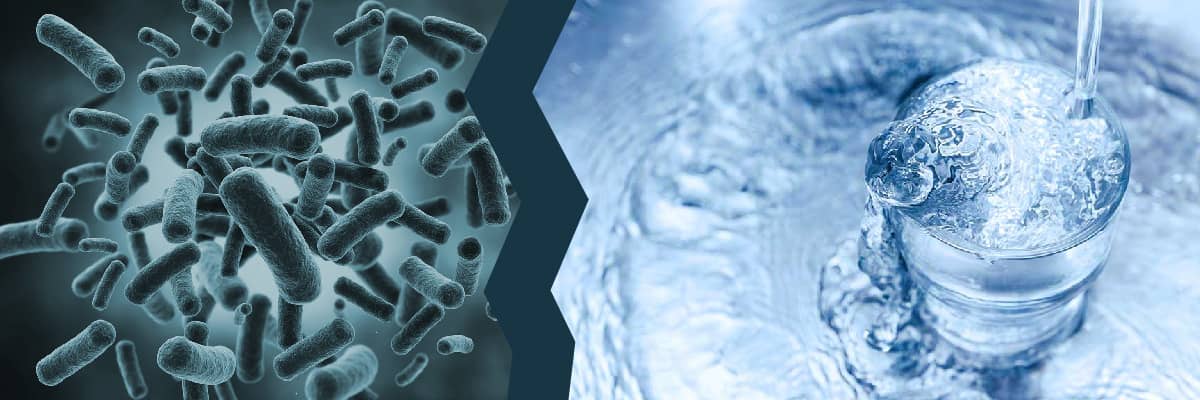 Vi khuẩn Coliforms trong nước uống, rủi ro và giải pháp phòng ngừa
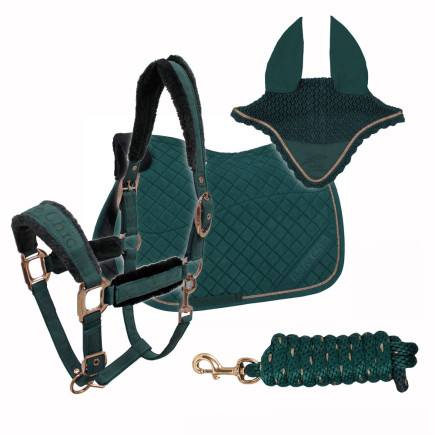 CONJUNTO RETRO CHIC SALTO MANTILLA +M+C+R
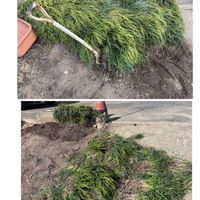 クリスマスローズ,リュウノヒゲ,ブルーインパルス*⋆✈︎,空を見上げて,GSのみなさんに感謝❤の画像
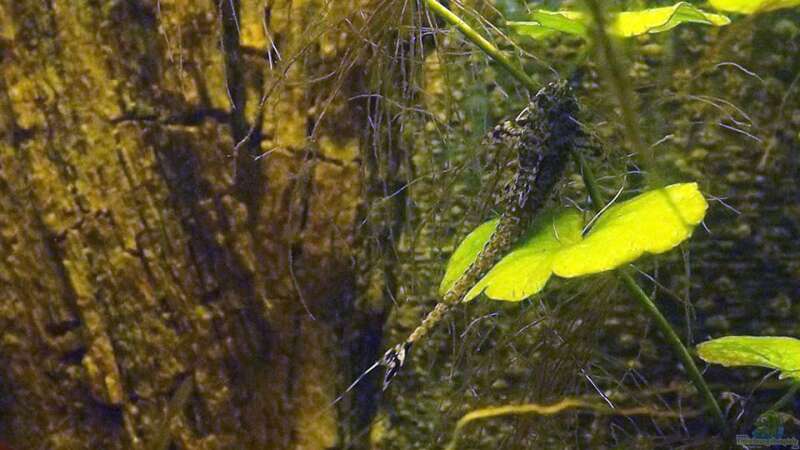 Rineloricaria parva auf Brasilianischem Wassernabel von Seemann (44)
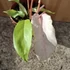 Philodendron Snowdrift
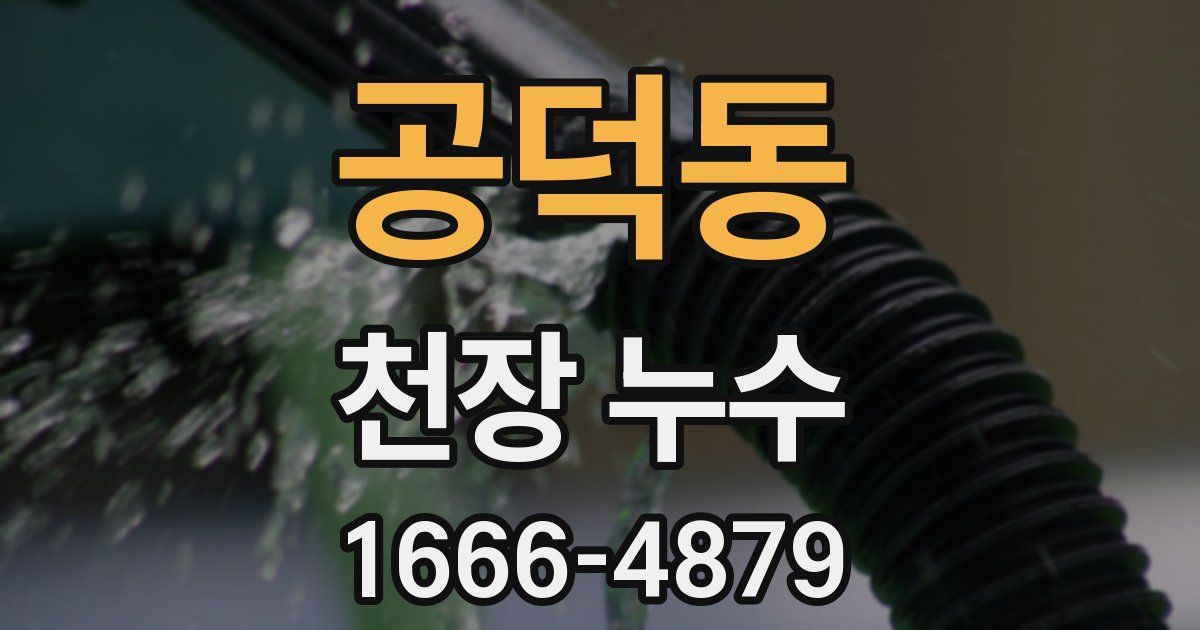 공덕동 천장 누수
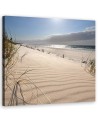 Canvas print - Dunes on the beach | FEEBY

----

The answer must repeat every line of the listing exactly and leave the pictures out.

_Response:_
 Vi khuẩn Coliforms trong nước uống, rủi ro và giải pháp phòng ngừa
 CONJUNTO RETRO CHIC SALTO MANTILLA +M+C+R
 クリスマスローズ,リュウノヒゲ,ブルーインパルス*⋆✈︎,空を見上げて,GSのみなさんに感謝❤の画像
 Rineloricaria parva auf Brasilianischem Wassernabel von Seemann (44)
 Philodendron Snowdrift
 공덕동 천장 누수
 Canvas print - Dunes on the beach | FEEBY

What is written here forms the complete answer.